Multilevel Hierarchical Network with Multiscale Sampling for Video Question Answering

Authors: Min Peng, Chongyang Wang, Yuan Gao, Yu Shi, Xiang-Dong Zhou

IJCAI 2022 | Conference PDF | Archive PDF | Plain Text | LLM Run Details

Reproducibility Variable Result LLM Response
Research Type Experimental Through extensive experiments on three Video QA datasets, we demonstrate improved performances than previous state-of-the-arts and justify the effectiveness of each part of our method.
Researcher Affiliation Academia Min Peng1,2 , Chongyang Wang3 , Yuan Gao4 , Yu Shi2 and Xiang-Dong Zhou2 1University of Chinese Academy of Sciences 2Chongqing Institute of Green and Intelligent Technology, Chinese Academy of Sciences 3University College London 4Shenzhen Institute of Artificial Intelligence and Robotics for Society
Pseudocode No No structured pseudocode or algorithm blocks were found.
Open Source Code No The paper does not provide an explicit statement or link for the open-sourcing of the code for the described methodology.

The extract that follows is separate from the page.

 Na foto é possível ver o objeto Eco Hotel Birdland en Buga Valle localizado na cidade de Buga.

Open Datasets Yes Three Video QA benchmarks are adopted for our evaluation. TGIF-QA [Jang et al., 2017] is a large-scale dataset for video QA... MSVD-QA [Xu et al., 2017] comprises 1,970 short clips... MSRVTT-QA [Xu et al., 2017] comprises 10K videos...
Dataset Splits Yes We use the official split of training, validation, and testing sets of each dataset.

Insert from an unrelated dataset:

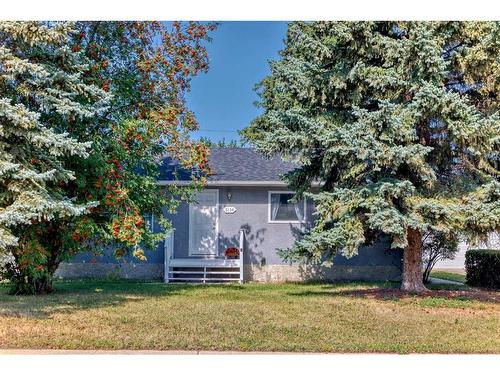 5114 43 Street, Olds, AB - Outdoor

Hardware Specification Yes We implement the method with Py Torch deep learning library on a PC with two GTX 1080 Ti GPUs.
Software Dependencies No The paper mentions 'Py Torch deep learning library' but does not specify a version number for it or any other software dependency.
Experiment Setup Yes By default, the maximum scale N is set to 3... For each multimodal interaction block in RMI module, the feature dimension d is set to 512, and the number of attentional heads H is set to 8. The number of mini batch size is set to 32, with a maximum number of epochs set to 20. The Adam [Kingma and Ba, 2015] optimizer is used, with the initial learning rate set to 1e-4, which reduces by half when the loss stops decreasing after every 10 epochs.